Some instruments support an improved download experience that ensures the local system is fully up to date compared to the data source. The command,

dmsp.download_updated_files()

will obtain the full set of files present on the server and compare the version, revision, and cycle numbers for the server files with those on the local system. Any files missing or out of date on the local system are downloaded from the server. This command downloads, as needed, the entire dataset.

Note

Science data servers may not have the same reliability and bandwidth as commercial providers

Load Data

Data is loaded into a pysat.Instrument object, in this case dmsp, using the .load method using year, day of year; date; or filename.

# Load by year, day of year
dmsp.load(2001, 1)

# Load by date
dmsp.load(date=start)

# Load by filename from string
dmsp.load(fname='dms_ut_20010101_12.002.hdf5')

When the pysat load routine runs it stores the instrument data into:

# Instrument data
dmsp.data

This configuration provides full access to the underlying data library functionality. For additional details on loading a range of dates as well as support for both pandas and xarray as the underlying data structure, see Data Loading.

Data Access

After loading data, the next thing you probably want to do is use it! pysat supports standard pandas or xarray access through the pysat.data object, but also provides convenient access to the data at the instrument level that behaves the same whether the data is pandas or xarray.

# Convenient data access
dmsp['ti']

# Slicing data by indices
dmsp[0:10, 'ti']

# Slicing by date and time
dmsp[start:stop, 'ti']

# Convenient data assignment
dmsp['ti'] = new_array

# Convenient data broadcasting assignment, sets a single value to all times
dmsp['ti'] = single_value

# Assignment through index slicing
dmsp[0:10, 'ti'] = sub_array

# Assignment through datetime slicing
dmsp[start:stop, 'ti'] = sub_array

Note, np.where may be used to select a subset of data using either the convenient access or standard pandas or xarray selection methods.

idx, = np.where((dmsp['mlat'] < 5) & (dmsp['mlat'] > -5))
dmsp.data = dmsp[idx]
# Alternatively
dmsp.data = dmsp.data.iloc[idx]

is equivalent to

dmsp.data = vefi[(dmsp['mlat'] < 5) & (dmsp['mlat'] > -5)]

See the Instrument section for more information.

Simple Analysis Example

Here we present an example, following from the simple workflow above, where we plot DMSP ion temperature data over a season. pysat provides a function, pysat.utils.time.create_date_range, that returns an array of dates over a season.

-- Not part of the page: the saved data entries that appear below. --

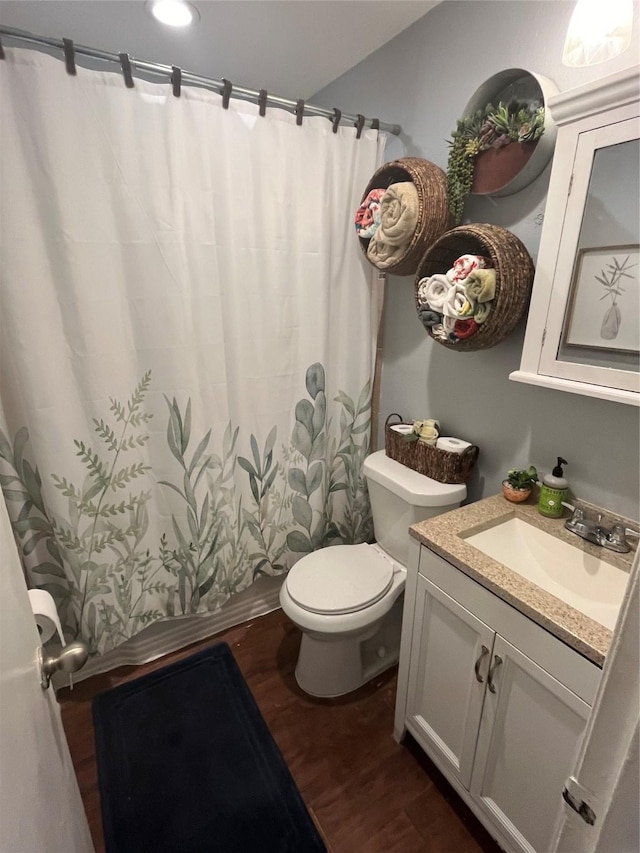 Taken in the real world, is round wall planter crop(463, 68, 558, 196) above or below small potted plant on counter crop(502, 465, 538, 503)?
above

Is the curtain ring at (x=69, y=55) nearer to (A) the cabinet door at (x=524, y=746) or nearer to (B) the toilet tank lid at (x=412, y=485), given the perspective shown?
(B) the toilet tank lid at (x=412, y=485)

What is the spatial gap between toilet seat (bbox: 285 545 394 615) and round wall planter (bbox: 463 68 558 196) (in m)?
1.30

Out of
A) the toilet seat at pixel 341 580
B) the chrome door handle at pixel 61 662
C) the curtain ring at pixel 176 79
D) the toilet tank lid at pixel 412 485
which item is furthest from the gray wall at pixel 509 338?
the chrome door handle at pixel 61 662

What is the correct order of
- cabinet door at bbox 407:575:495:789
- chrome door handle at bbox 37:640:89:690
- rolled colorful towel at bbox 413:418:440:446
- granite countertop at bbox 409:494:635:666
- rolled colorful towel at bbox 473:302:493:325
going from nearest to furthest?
1. chrome door handle at bbox 37:640:89:690
2. granite countertop at bbox 409:494:635:666
3. cabinet door at bbox 407:575:495:789
4. rolled colorful towel at bbox 473:302:493:325
5. rolled colorful towel at bbox 413:418:440:446

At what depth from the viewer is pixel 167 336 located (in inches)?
56.6

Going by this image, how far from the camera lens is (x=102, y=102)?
1.20m

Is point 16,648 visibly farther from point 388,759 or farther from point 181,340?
point 388,759

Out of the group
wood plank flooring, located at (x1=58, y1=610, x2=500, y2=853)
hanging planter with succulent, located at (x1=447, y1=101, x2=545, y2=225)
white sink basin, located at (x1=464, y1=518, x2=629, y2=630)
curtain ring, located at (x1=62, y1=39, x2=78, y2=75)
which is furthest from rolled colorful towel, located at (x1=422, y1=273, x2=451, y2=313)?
wood plank flooring, located at (x1=58, y1=610, x2=500, y2=853)

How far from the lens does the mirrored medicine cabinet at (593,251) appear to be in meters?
0.97

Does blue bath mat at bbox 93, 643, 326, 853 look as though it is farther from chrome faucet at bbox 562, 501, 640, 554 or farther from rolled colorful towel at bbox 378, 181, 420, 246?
rolled colorful towel at bbox 378, 181, 420, 246

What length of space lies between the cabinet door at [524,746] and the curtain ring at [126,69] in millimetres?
1763

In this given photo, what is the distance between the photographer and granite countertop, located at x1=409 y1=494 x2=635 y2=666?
2.78 ft

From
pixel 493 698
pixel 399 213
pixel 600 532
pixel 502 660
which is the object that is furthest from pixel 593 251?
pixel 493 698

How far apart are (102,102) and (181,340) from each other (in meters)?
0.68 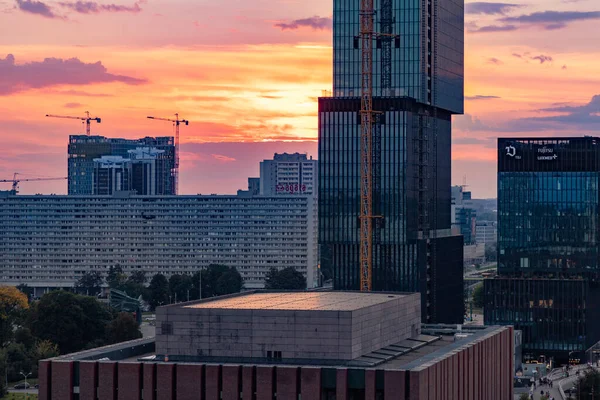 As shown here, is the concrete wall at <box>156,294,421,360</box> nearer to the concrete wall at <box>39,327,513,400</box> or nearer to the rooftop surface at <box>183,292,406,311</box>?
the rooftop surface at <box>183,292,406,311</box>

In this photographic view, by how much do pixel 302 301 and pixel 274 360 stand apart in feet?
60.6

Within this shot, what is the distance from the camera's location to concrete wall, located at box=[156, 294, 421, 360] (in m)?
124

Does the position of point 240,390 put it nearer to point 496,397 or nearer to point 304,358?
point 304,358

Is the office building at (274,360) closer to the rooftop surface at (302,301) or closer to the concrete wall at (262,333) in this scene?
the concrete wall at (262,333)

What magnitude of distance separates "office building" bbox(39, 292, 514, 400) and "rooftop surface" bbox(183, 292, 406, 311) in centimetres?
23

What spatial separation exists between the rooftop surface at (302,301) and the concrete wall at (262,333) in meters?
2.03

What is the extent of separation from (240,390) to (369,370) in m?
11.6

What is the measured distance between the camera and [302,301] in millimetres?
142875

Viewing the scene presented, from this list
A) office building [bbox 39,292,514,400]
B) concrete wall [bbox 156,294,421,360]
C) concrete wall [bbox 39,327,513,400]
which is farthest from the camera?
concrete wall [bbox 156,294,421,360]

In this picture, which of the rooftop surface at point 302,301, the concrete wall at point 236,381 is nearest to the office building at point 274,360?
the concrete wall at point 236,381

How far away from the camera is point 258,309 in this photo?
126438mm

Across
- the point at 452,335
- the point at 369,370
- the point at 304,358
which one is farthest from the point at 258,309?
the point at 452,335

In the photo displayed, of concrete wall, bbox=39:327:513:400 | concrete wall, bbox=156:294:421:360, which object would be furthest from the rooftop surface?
concrete wall, bbox=39:327:513:400

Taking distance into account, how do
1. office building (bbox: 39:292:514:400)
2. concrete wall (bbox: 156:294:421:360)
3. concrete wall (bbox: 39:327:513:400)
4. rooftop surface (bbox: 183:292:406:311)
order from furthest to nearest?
rooftop surface (bbox: 183:292:406:311) → concrete wall (bbox: 156:294:421:360) → office building (bbox: 39:292:514:400) → concrete wall (bbox: 39:327:513:400)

This time period does not need to be continuous (e.g., load both the vernal and autumnal equinoxes).

import matplotlib.pyplot as plt
import numpy as np
import pandas as pds

# Create empty series to hold result
mean_ti = pds.Series()

# Get list of dates between start and stop
start = dt.datetime(2001, 1, 1)
stop = dt.datetime(2001, 1, 10)
dmsp.download(start=start, stop=stop, user=username, password=password)
date_array = pysat.utils.time.create_date_range(start, stop)

# Iterate over season, calculate the mean Ion Temperature
for date in date_array:
   # Load data into dmsp.data
   dmsp.load(date=date)
   # Check if data present
   if not dmsp.empty:
       # Isolate data to locations near geomagnetic equator
       idx, = np.where((dmsp['mlat'] < 5) & (dmsp['mlat'] > -5))

       # Downselect data
       dmsp.data = dmsp[idx]

       # Compute mean ion temperature using pandas functions and store
       mean_ti[dmsp.date] = dmsp['ti'].abs().mean(skipna=True)

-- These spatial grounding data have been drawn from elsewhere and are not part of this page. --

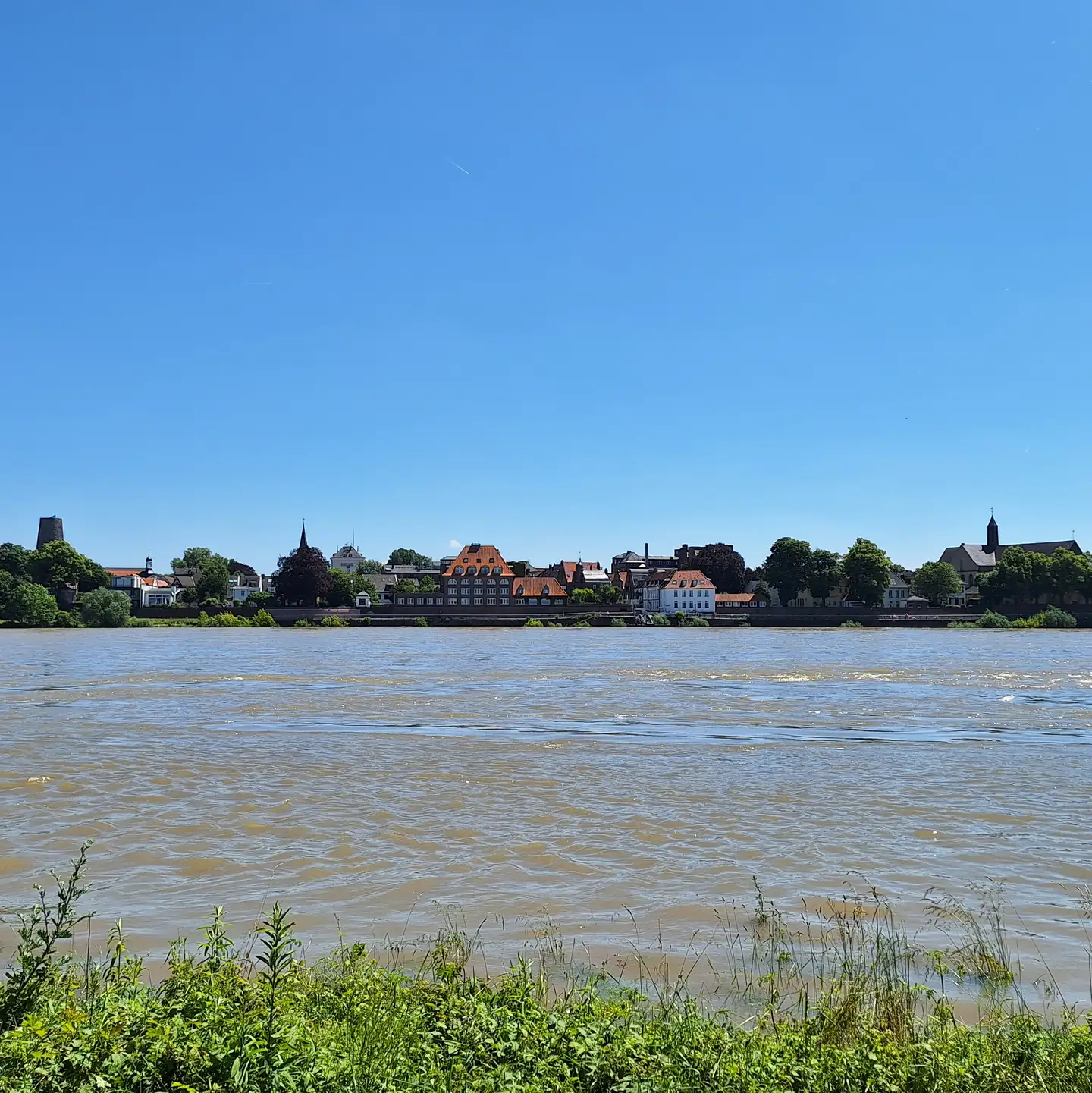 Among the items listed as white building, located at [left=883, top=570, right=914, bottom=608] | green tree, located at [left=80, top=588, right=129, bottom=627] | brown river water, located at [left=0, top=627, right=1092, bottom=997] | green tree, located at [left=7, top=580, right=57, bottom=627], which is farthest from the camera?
white building, located at [left=883, top=570, right=914, bottom=608]

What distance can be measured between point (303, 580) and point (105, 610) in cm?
2618

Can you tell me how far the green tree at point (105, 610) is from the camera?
368 ft

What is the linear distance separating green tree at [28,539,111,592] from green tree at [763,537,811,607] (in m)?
90.1

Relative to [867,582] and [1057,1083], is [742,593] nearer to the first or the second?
[867,582]

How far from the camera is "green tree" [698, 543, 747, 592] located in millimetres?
150250

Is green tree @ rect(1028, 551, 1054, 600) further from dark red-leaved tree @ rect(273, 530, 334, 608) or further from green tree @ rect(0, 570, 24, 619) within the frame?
green tree @ rect(0, 570, 24, 619)

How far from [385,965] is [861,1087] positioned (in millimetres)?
3556

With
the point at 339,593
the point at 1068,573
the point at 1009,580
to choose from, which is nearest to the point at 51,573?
the point at 339,593

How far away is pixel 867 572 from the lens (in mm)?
124062

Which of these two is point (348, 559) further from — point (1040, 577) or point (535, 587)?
point (1040, 577)

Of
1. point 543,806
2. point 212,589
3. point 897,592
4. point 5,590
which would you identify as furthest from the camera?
point 897,592

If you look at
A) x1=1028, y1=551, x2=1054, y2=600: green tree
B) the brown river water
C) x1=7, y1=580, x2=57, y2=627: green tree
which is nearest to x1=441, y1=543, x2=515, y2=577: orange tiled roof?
x1=7, y1=580, x2=57, y2=627: green tree

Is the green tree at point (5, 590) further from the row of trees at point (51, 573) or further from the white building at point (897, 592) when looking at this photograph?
the white building at point (897, 592)

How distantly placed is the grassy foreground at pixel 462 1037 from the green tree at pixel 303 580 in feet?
420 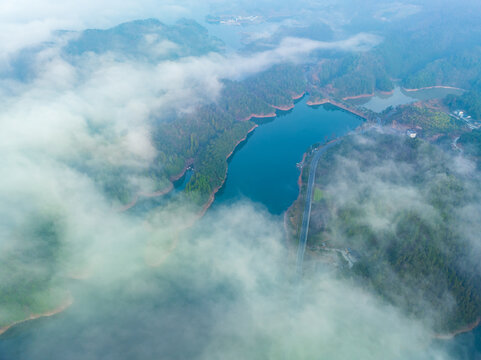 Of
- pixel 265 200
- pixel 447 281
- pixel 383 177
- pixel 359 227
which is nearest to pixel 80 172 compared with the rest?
pixel 265 200

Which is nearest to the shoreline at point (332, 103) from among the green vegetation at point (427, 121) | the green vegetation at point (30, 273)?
the green vegetation at point (427, 121)

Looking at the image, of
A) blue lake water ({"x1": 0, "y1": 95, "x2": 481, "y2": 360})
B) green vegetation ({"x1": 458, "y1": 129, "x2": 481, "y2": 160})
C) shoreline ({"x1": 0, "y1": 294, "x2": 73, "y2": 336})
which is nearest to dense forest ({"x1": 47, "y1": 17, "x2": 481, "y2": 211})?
green vegetation ({"x1": 458, "y1": 129, "x2": 481, "y2": 160})

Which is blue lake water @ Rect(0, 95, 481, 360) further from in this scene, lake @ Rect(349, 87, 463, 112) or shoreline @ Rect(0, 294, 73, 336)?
lake @ Rect(349, 87, 463, 112)

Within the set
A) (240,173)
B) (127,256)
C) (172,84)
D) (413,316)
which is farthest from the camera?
(172,84)

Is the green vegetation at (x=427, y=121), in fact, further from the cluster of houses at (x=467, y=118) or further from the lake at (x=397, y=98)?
the lake at (x=397, y=98)

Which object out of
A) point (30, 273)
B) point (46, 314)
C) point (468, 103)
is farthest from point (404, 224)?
point (468, 103)

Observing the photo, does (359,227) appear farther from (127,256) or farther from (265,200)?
(127,256)

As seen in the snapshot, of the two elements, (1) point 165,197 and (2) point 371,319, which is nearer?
(2) point 371,319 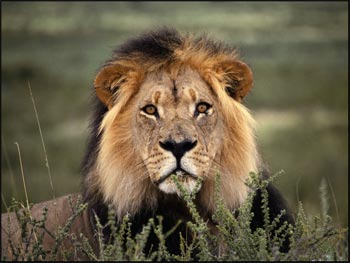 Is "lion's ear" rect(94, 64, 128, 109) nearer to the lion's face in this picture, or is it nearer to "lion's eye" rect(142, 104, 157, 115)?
the lion's face

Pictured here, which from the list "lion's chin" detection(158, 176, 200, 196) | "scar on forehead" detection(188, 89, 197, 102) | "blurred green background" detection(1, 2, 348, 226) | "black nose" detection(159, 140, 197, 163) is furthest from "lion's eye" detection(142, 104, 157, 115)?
"blurred green background" detection(1, 2, 348, 226)

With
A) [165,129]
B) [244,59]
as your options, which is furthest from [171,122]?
[244,59]

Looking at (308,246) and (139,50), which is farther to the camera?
(139,50)

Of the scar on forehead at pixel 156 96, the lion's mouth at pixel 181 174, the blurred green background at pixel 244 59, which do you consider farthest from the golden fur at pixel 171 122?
the blurred green background at pixel 244 59

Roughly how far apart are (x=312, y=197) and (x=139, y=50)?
9989 millimetres

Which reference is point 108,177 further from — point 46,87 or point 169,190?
point 46,87

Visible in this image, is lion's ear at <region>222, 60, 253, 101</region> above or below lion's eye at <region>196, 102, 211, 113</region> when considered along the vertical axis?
above

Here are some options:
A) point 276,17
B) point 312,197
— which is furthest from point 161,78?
point 276,17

# Plot the result using pandas functionality for a simple figure
mean_ti.plot(title='Mean Ion Temperature near Magnetic Equator')

# Improve figure using matplotlib tools
plt.ylabel(dmsp.meta['ti', dmsp.meta.labels.name] + ' (' +
           dmsp.meta['ti', dmsp.meta.labels.units] + ')')
plt.xlabel("Universal Time", labelpad=-15)
../_images/basic_demo.png

Metadata

The example aboved used metadata to provide the y-axis label name and units. Metadata is also stored in a Meta object from the main science data. pysat presumes a minimum default set of metadata that may be arbitrarily expanded. The default parameters are driven by the attributes required by public science data files, like those produced by the Ionospheric Connections Explorer (ICON).

Metadata Description
axis Label for plot axes
desc Description of variable
fill Fill value for bad data points
label Label used for plots
name Name of variable, or long_name
notes Notes about variable
max Maximum valid value
min Minimum valid value
scale Axis scale, linear or log
units Variable units
# Display all metadata
dmsp.meta.data

# Display ion temperature metadata
dmsp.meta['ti']

# Retrieve units using standard labels
dmsp.meta['ti'].units

# Retrieve units using general labels
dmsp.meta['ti', dmsp.meta.labels.units]

# Update units for ion temperature
dmsp.meta['ti'] = {dmsp.meta.labels.units: 'Kelvin'}

# Update display name for ion temperature, using LaTeX notation
dmsp.meta['ti'] = {dmsp.meta.labels.name: 'T$_i$'}

# Add new meta data
dmsp.meta['new'] = {dmsp.meta.labels.units: 'unitless',
                    dmsp.meta.labels.name: 'New display name'}

The string values used within metadata to identify the parameters above are all attached to the instrument object through a label assigned by the MetaLabels class. They can be acceess as dmsp.meta.labels.*, or dmsp.units_label, dmsp.min_label, and dmsp.notes_label, etc.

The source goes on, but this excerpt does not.